* **Directions for this task**
Every entry that follows should be output exactly, and every image in it left out.

* **Dataset records**
_ _ _ _ _

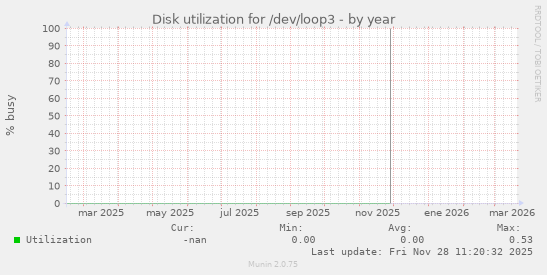 Disk utilization for /dev/loop3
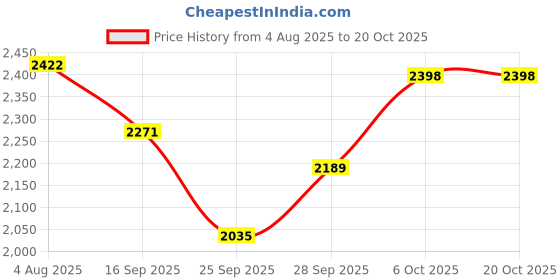 flipkart.com drizon Leatherite 7D Mat For Ford Ecosport drizon Price History Graph from 4 Aug 2025 to 20 Oct 2025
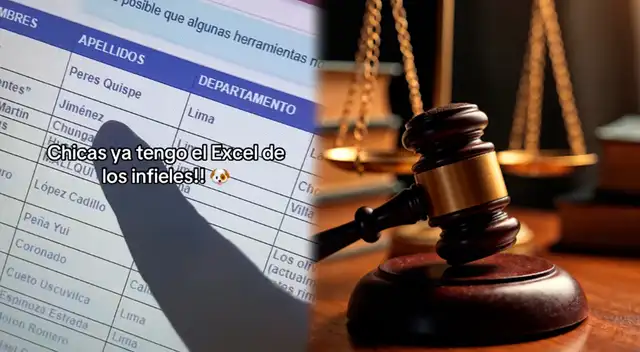 Se advierte sobre las consecuencias que afrontaría el creador de La lista negra de las girls. Se advierte sobre las consecuencias que afrontaría el creador de La lista negra de las girls.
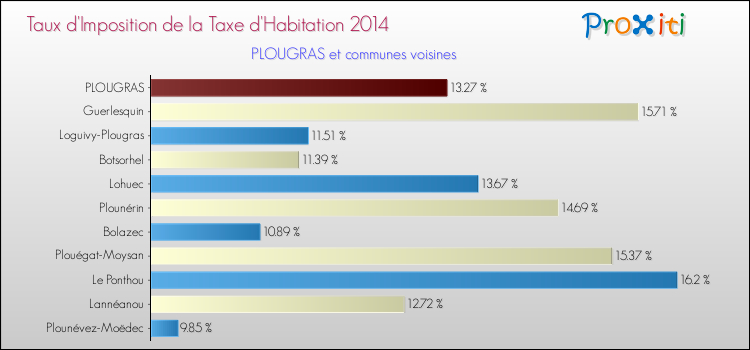 Taux d'imposition de la taxe d'habitation 2014 pour PLOUGRAS et les communes proches Comparaison des taux d'imposition de la taxe d'habitation 2014 pour PLOUGRAS et les communes voisines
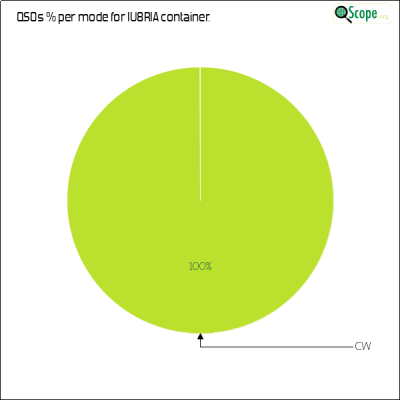 charts/iu8ria_d3c91f8aeac1b8b3bf15c88fe2df2f71/iu8ria/ModesPieChart.png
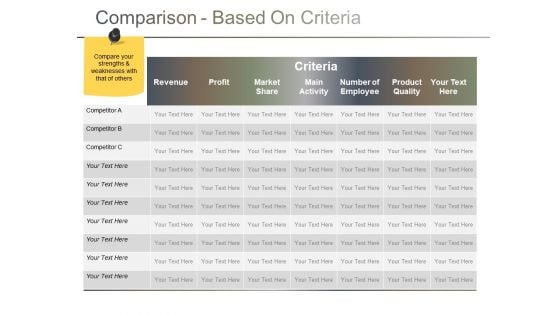 Comparison Based On Criteria Ppt PowerPoint Presentation Gallery Themes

_ _ _ _ _

* **Written answer**
 Disk utilization for /dev/loop3
 flipkart.com drizon Leatherite 7D Mat For Ford Ecosport drizon Price History Graph from 4 Aug 2025 to 20 Oct 2025
 Se advierte sobre las consecuencias que afrontaría el creador de La lista negra de las girls. Se advierte sobre las consecuencias que afrontaría el creador de La lista negra de las girls.
 Taux d'imposition de la taxe d'habitation 2014 pour PLOUGRAS et les communes proches Comparaison des taux d'imposition de la taxe d'habitation 2014 pour PLOUGRAS et les communes voisines
 charts/iu8ria_d3c91f8aeac1b8b3bf15c88fe2df2f71/iu8ria/ModesPieChart.png
 Comparison Based On Criteria Ppt PowerPoint Presentation Gallery Themes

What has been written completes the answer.